The only rule change I think that that has merit is a clock for batters and pitchers.  It shouldn’t rush them, but there are some players who definitely take way too long.

But nobody seems to be asking how much time is being set aside for commercials.  Baseball keeps statistics on everything.  Surely, they know.  

Commercials are killing baseball as much as anything.  Some will argue that you need more commercials to pay these exorbitant salaries.  Well, exorbitant is right.  If commercials were limited, maybe it could curb salaries a bit.  And maybe that might even curb ticket prices a little.  And then maybe more average people could go to baseball games again.


Sunday, August 11, 2019

guns and the Constitution


A reader (August 11) wondered if the right to bear arms is reconcilable with the Constitution’s directive to our government that it exists “to insure domestic tranquility” and “to promote the general welfare.”

The Tribune printed the letter, so I’m guessing he wasn’t the only one who’s wondering the same thing.
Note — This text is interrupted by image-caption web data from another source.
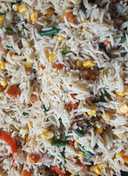 Chinese SpecialFried Rice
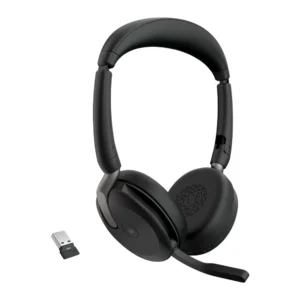 ชุดหูฟัง Jabra Evolve2 65 Flex
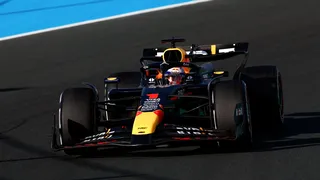 GP F1 Arabie Saoudite 2024 – Essais Libres 3 : Classement et résultat – Verstappen signe le meilleur temps !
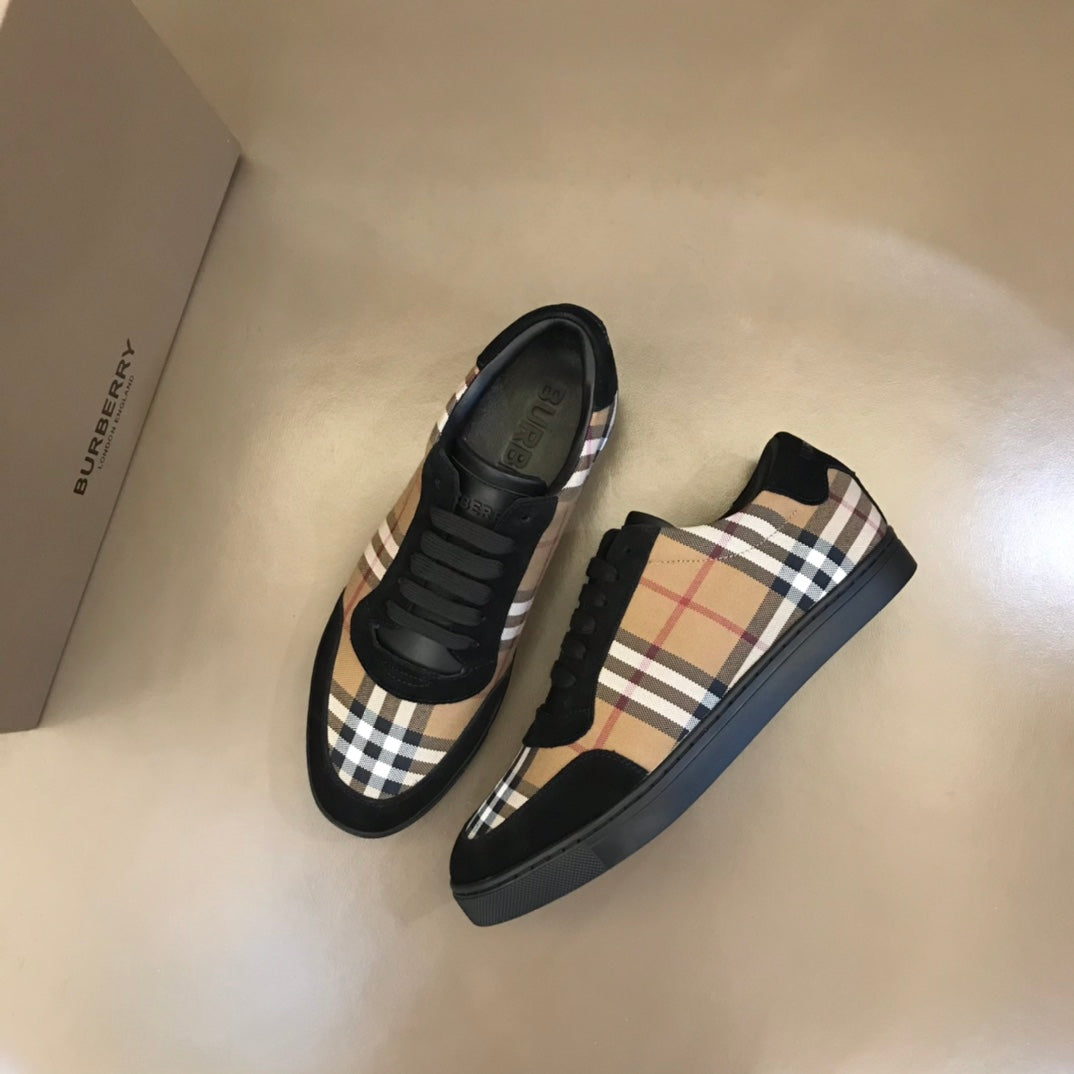 Burberry-044Shoes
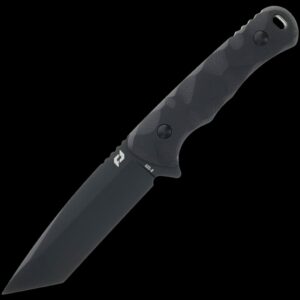 Schrade Regime Fixed Blade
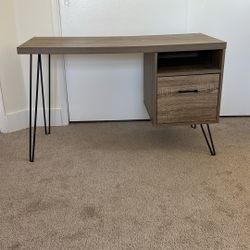 Desk For Sale!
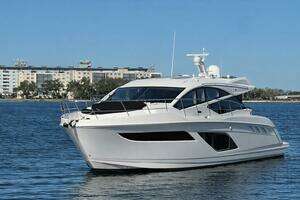 At Last 2019 Sea Ray L550 Yacht For Sale in Daytona Beach FL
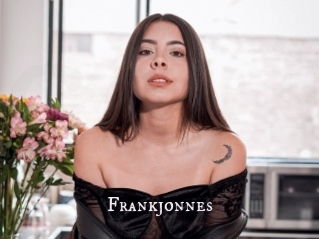 Frankjonnes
The same people who ratified the one ratified the other.  The Second Amendment is part of the Bill of Rights which a lot of the people who ratified the Constitution wanted included, because they were afraid that the new national government might try to limit their unalienable rights, and the right to bear and carry arms was no. 2.  So that was very near and dear to their hearts.

The difference between then and now is that they were not hesitant about their belief in God and the importance of God’s laws for the moral foundation of our country: the Ten Commandments, Love our neighbor as yourself, and Do unto others as you would have others do unto you.

Guns were always a big part of our country, and gun violence only became a problem when our country decided to become a secular country, and all things religious were considered unimportant, irrelevant, and shunted off the public square.

stopping mass shootings


A NU researcher has studied mass shootings in our country, and she has a lot of answers for all of us (NU researcher urges fighting hate speech: ‘killing follows’, August 11).

Now I’m against mass shootings as much as anyone.  I’m just not sure about the solutions that people are offering to stop them. 

Like many people who are trying to provide answers, she strongly recommends banning semi-automatic weapons.  She, like so many others, calls them military-style weapons.  That’s not really accurate.  Making a gun semi-automatic is just a simple improvement in engineering, like an automatic transmission in your car.  Calling them a military-style weapon is just using language to frame the argument. 

Certainly, restricting access to different things, like guns, knives, baseball bats, explosives, trucks, will reduce the incidence of people using those things to commit crimes, but it won’t reduce the hate that drives the crimes.  Resourceful people will find alternatives to act out their hatred.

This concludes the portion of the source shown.